Almost exactly three years ago, on December 15, I got dumped by a boy I really liked. Not gently broken up with. It wasn't a mutual decision. I did not see it coming. I'd already bought his Christmas gift! There's really no way to make it sound like I was cool, collected or in control.
In retrospect, that 8-month relationship was a blip on my radar and a tiny dot on a piece of paper. In the grand scheme of life, it meant very little. But, at the time, it felt monumental. I felt hurt, lonely and appalled that he'd break up with me 10 days before Christmas and two weeks before New Year's Eve. Also, I was wearing a tacky sweater and both of my roommates were out of town when he did it. It hurt, y'all.
I'd anticipated a year-end romance full of holiday parties, tacky sweaters, gloved-hand holding and a New Year's Eve kiss. When the whole world is giving and rejoicing and celebrating, the loneliness of singleness is even more magnified.
I wanted to take a moment at the start of this holiday season to tell you that it's OK to feel lonely. You're not a Scrooge. At the height of our sugar highs and blissed-out gift giving, know that you are not alone. You might feel lonely and that's OK. But you aren't alone. And it's not wrong to yearn for someone to share this season with.
It can be tempting to wallow in our loneliness when we're struggling; to turn on Adele, grab a bottle of wine and cry ourselves to sleep with Christmas cookies. But, I think it's important to stretch ourselves beyond our natural inclinations so we can understand what a lonely season means. So we can learn and grow from it. My loneliest days shaped my heart, made me more tender and helped me understand who I am when I'm by myself - when I'm not standing on someone else's shoulders.
So instead of calling on your friend Adele, when I feel lonely, here are a few things that help me cope:
1. Acknowledge it. Allow yourself to feel lonely. Instead of texting a random guy or filling your time with something mindless, reflect on why you feel this way and what would be a long term fix. You might not be able to make that change, but it will help you isolate what you feel is missing.

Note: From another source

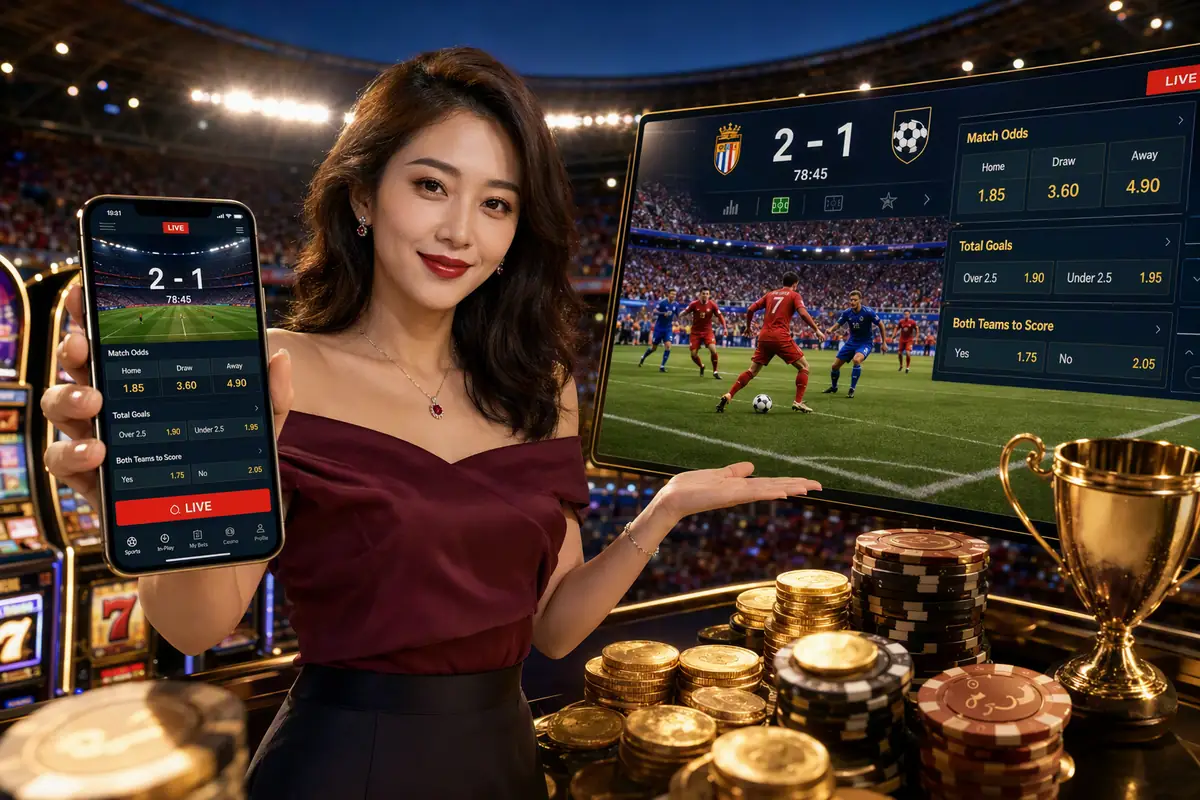hibajivip গোল্ডেন ল্যান্ড গেমপ্লে অভিজ্ঞতা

2. Understand it. So often I've found that we say we are lonely, but, in actuality, we're yearning to feel known. The feeling of someone knowing what you're thinking before you say it, or knowing the perfect gift to give you is such a good feeling. And it's not wrong to yearn for that. But it's important to isolate whether we're yearning for physical company vs. emotional understanding.
3. Practice gratitude. I sometimes struggle with anxiety and the best thing to help me overcome it is to reflect on what I'm grateful for. I've found the same habit can help when I feel lonely. Who are you grateful for? And what? What brings you joy? Look around: what is so beautiful it could take your breath away if you stop to notice it?
4. Reach out to people that know you well. It can be really easy to want to wallow in our loneliness. This is normal. But push yourself to call a friend and tell her the truth - that you'd love to be around people, that you'd love to get a latte and exchange Christmas gifts. Be vulnerable with the people that love you; allow them to meet you in your loneliness.
5. Be friendly in the grocery store. If I feel alone or grumpy or just blah, when I'm extra friendly and conversational with strangers, I find it can completely shift my mood. It's simple but it works.
I know none of these things can solve for the loneliness we can feel during the holiday season. But, I've found they help me when I'm struggling, and I hope they will do the same for you.